Start of RECORDED DATA

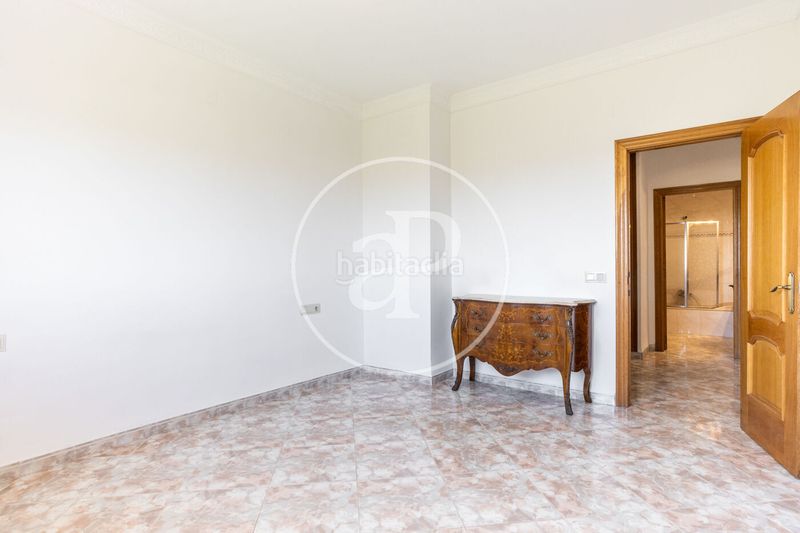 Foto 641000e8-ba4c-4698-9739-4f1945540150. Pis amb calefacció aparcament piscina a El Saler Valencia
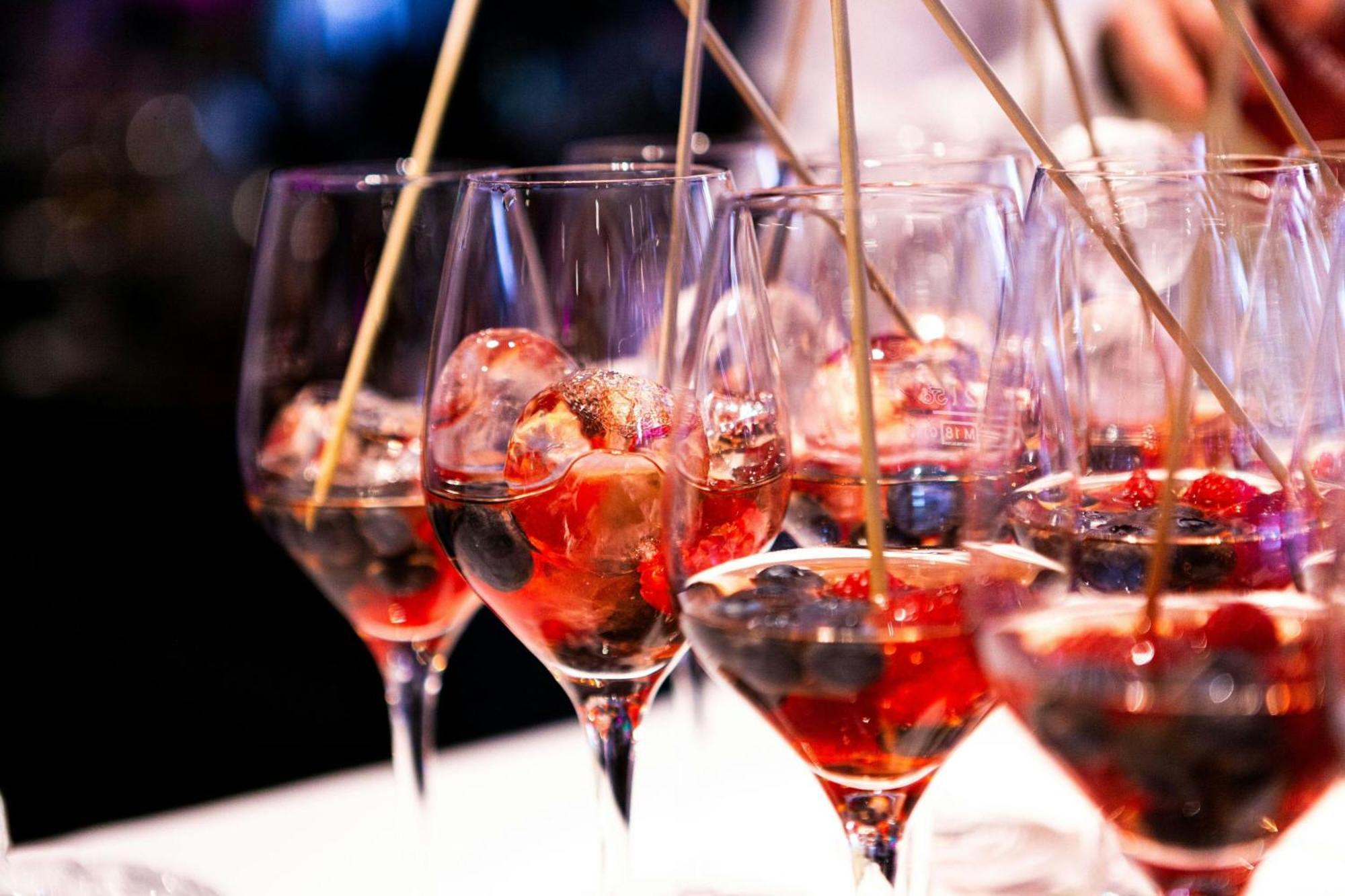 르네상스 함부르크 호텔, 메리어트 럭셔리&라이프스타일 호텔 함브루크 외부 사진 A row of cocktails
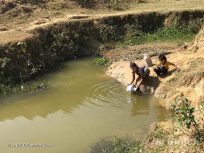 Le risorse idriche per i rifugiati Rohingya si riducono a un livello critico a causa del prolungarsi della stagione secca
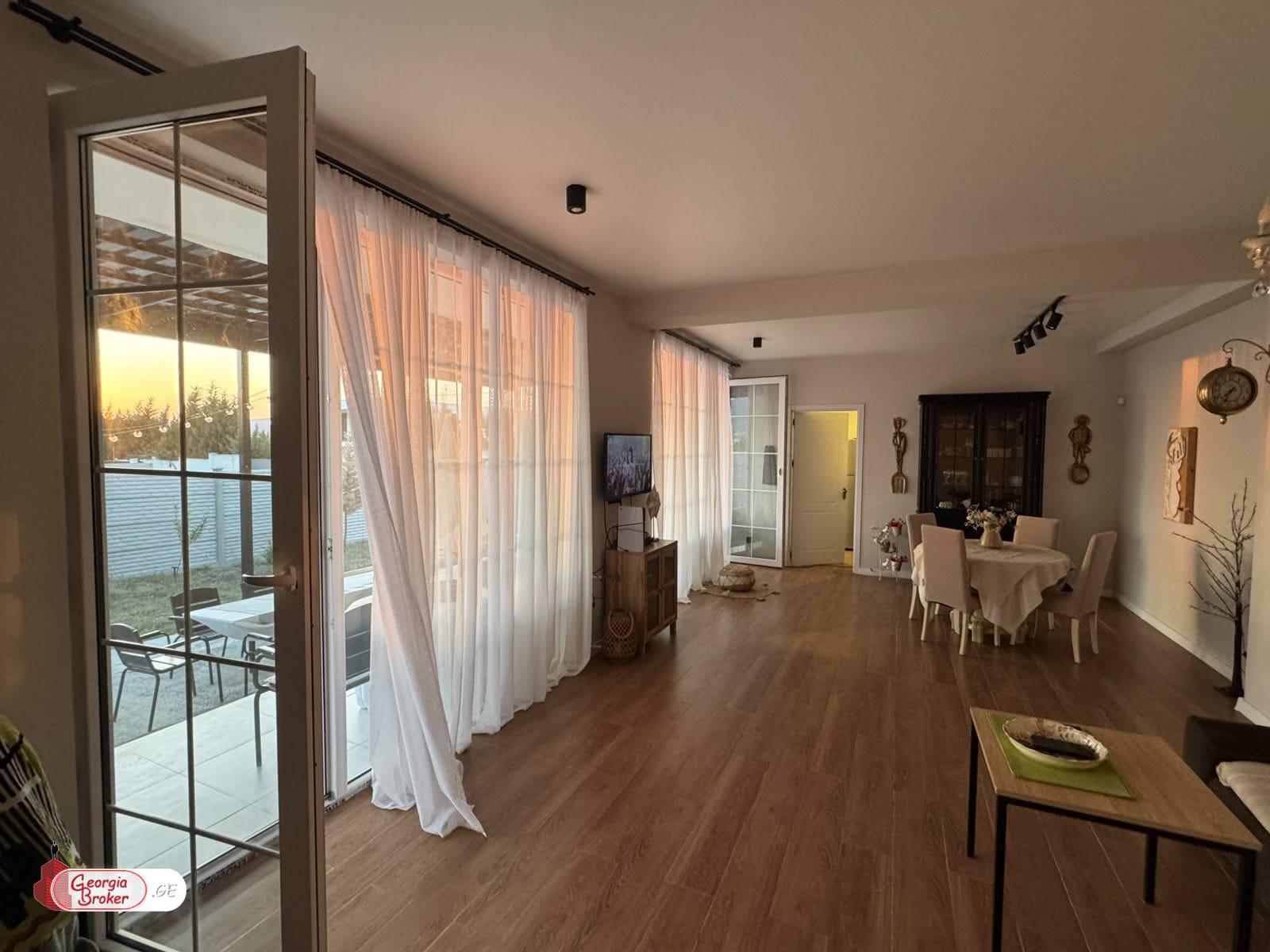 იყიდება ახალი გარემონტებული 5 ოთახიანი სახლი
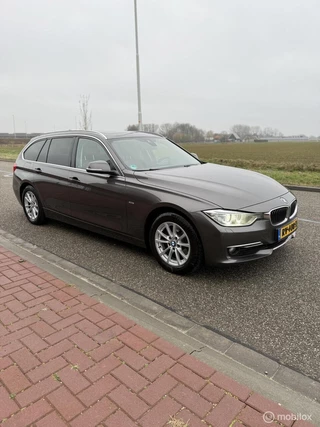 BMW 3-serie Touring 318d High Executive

End of RECORDED DATA
Start of RECORDED DATA

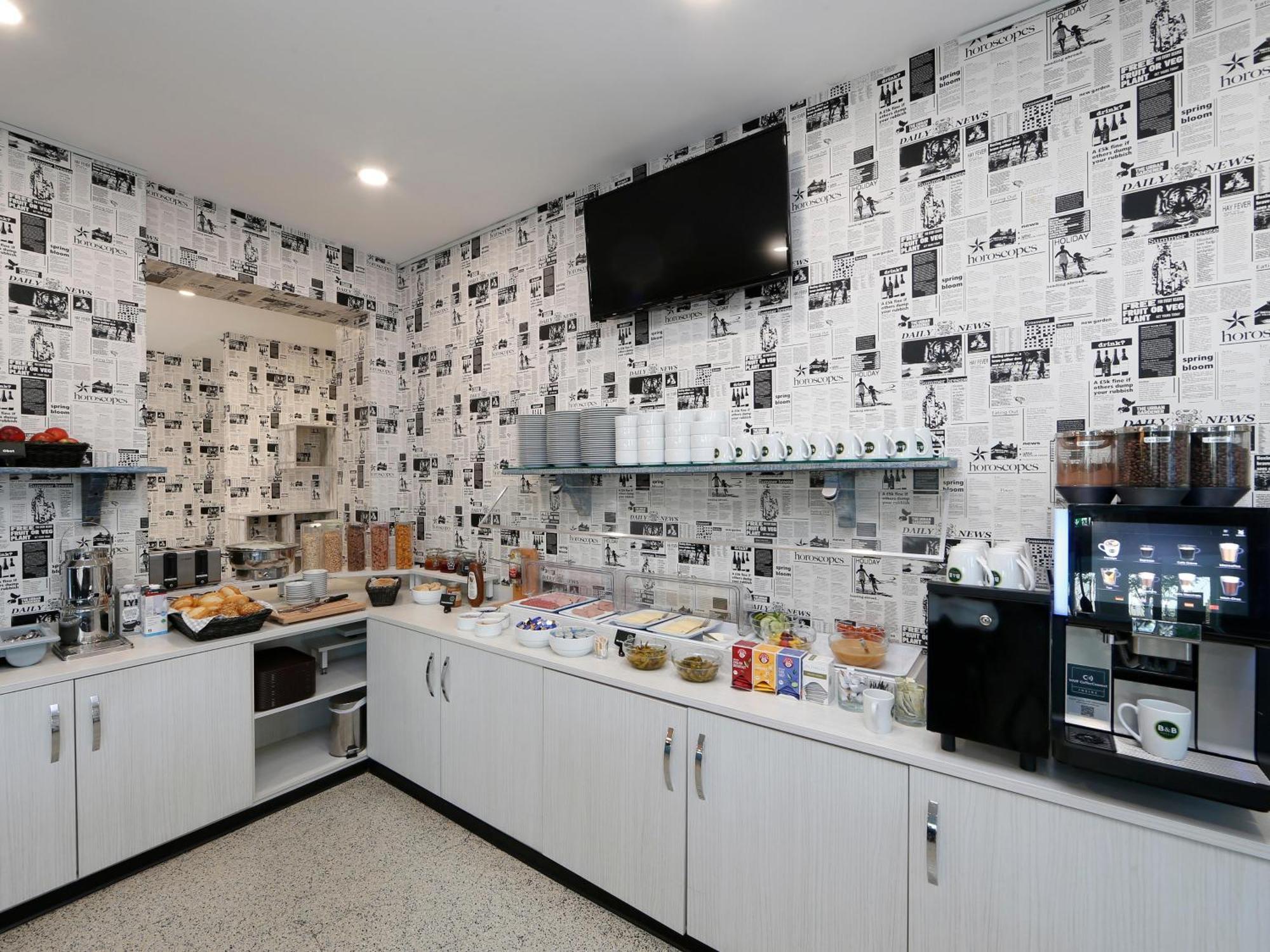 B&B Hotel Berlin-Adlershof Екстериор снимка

End of RECORDED DATA

WHAT THE TASK ASKS: The answer is those lines of the material above that run from the one containing "르네상스 함부르크 호텔, 메리어트" up to and including the one containing "BMW 3-serie Touring 318d High Executive", restated exactly and without images.

WRITTEN REPLY:
 르네상스 함부르크 호텔, 메리어트 럭셔리&라이프스타일 호텔 함브루크 외부 사진 A row of cocktails
 Le risorse idriche per i rifugiati Rohingya si riducono a un livello critico a causa del prolungarsi della stagione secca
 იყიდება ახალი გარემონტებული 5 ოთახიანი სახლი
 BMW 3-serie Touring 318d High Executive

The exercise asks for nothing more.